The table has 483 rows and 20 columns:

  • The title of each publication is in the Title column.
  • The DOI is in the DOI column
  • Affiliations contains the all institution departments, separated by semi-colons. Hence we have multiple values in each cell.
# Load the scopus csv file
scopus_dat <- read_csv("https://github.com/ab604/library-r/raw/main/data/scopus-2024-03-13.csv")

# Inspect the contents
glimpse(scopus_dat)
Rows: 483
Columns: 20
$ Authors                     <chr> "Liu Z.; Ettabib M.A.; Bowden B.M.; Bartle…
$ `Author full names`         <chr> "Liu, Zhen (57220604023); Ettabib, Mohamed…
$ `Author(s) ID`              <chr> "57220604023; 36662229200; 57225044665; 15…
$ Title                       <chr> "Multiframe-based non-local means denoisin…
$ Year                        <dbl> 2024, 2024, 2024, 2024, 2024, 2024, 2024, …
$ `Source title`              <chr> "Spectrochimica Acta - Part A: Molecular a…
$ DOI                         <chr> "10.1016/j.saa.2024.123931", "10.1113/JP28…
$ Link                        <chr> "https://www.scopus.com/inward/record.uri?…
$ Affiliations                <chr> "Zepler Institute for Photonics and Nanoel…
$ `Authors with affiliations` <chr> "Liu Z., Zepler Institute for Photonics an…
$ `Funding Details`           <chr> "Defence Science and Technology Laboratory…
$ `Correspondence Address`    <chr> "Z. Liu; Zepler Institute for Photonics an…
$ Publisher                   <chr> "Elsevier B.V.", "John Wiley and Sons Inc"…
$ ISSN                        <chr> "13861425", "00223751", "00298018", "00489…
$ ISBN                        <chr> NA, NA, NA, NA, NA, NA, NA, NA, NA, NA, NA…
$ CODEN                       <chr> "SAMCA", "JPHYA", NA, "STEVA", NA, NA, "EN…
$ `Document Type`             <chr> "Article", "Article", "Article", "Article"…
$ `Open Access`               <chr> NA, "All Open Access; Hybrid Gold Open Acc…
$ Source                      <chr> "Scopus", "Scopus", "Scopus", "Scopus", "S…
$ EID                         <chr> "2-s2.0-85183956855", "2-s2.0-85186478720"…

7.2.3 Web of Science data

I followed these steps to download Web of Science (WoS) data on 2024-03-26 as a tsv file.

On Web of Science:

  • Under documents select AFFILIATIONS and UNIVERSITY OF SOUTHAMPTON (Note that the computer may remember the last search).

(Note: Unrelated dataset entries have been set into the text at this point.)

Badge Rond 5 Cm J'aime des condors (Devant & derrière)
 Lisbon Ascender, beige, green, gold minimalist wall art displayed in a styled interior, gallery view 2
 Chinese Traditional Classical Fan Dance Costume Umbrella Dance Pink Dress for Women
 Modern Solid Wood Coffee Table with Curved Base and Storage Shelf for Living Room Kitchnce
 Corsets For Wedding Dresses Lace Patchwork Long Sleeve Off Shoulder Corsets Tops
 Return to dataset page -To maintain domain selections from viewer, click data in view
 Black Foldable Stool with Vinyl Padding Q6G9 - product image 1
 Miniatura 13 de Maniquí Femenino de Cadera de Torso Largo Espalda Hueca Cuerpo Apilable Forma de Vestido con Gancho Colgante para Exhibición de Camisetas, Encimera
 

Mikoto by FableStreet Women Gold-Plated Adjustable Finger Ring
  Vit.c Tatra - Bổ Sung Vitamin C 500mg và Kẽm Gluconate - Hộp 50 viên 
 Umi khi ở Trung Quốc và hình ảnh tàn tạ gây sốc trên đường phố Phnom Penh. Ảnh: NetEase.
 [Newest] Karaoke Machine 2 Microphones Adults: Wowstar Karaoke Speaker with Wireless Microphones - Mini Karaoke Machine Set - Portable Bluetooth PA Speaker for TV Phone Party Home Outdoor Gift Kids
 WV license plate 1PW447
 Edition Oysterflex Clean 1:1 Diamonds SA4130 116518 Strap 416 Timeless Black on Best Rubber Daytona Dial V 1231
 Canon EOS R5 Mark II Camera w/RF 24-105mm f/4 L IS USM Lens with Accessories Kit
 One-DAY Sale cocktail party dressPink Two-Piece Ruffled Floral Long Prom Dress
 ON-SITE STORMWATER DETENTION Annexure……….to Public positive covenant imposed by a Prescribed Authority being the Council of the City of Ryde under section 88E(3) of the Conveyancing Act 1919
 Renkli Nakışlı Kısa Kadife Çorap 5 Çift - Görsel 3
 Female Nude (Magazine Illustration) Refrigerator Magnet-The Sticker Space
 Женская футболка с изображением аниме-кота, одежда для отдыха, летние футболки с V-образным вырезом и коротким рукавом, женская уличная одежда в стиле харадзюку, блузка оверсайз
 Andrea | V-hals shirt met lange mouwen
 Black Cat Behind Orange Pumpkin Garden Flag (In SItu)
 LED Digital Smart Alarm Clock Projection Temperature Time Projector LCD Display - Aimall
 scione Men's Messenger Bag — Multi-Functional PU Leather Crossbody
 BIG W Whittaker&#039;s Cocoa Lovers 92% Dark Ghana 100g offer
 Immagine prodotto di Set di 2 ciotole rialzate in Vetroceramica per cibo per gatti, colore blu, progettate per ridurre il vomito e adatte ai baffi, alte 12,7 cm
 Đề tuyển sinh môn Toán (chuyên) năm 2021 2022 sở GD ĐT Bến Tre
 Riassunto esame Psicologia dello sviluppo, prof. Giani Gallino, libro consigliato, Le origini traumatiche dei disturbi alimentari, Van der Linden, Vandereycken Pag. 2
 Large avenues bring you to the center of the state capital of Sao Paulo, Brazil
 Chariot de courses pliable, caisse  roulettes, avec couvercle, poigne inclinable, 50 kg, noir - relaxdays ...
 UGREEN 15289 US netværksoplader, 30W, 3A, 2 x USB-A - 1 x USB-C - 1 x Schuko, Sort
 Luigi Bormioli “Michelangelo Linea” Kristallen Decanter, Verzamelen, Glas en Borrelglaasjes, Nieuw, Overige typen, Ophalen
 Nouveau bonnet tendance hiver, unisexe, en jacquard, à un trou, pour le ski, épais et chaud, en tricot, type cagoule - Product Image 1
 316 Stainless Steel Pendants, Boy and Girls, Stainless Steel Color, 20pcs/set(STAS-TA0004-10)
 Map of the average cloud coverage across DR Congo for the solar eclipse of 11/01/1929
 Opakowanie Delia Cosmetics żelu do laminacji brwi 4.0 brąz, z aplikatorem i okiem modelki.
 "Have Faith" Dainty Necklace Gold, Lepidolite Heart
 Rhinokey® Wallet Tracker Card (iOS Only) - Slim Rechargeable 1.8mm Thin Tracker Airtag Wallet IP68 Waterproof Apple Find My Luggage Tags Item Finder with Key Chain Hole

  • Click on Add date range – select Publication date down arrow and select Custom. Enter date range – last date of report drawn and current date eg. 2022-04-04 to 2022-04-25 and click search.

  • Limit the results to 2018 onwards.

  • Click on Document Types and select the following categories and click on Refine.

    1. Articles

    2. Early access

    3. Review articles

    4. Editorial materials

    5. Proceeding papers

    6. Letter

  • Click EXPORT – select Tab delimited file. New window will open. Select All records. Under Record Content - select Full Record. Click Export.

As before, I saved it so that we can load the example WoS data directly from the repository of this book.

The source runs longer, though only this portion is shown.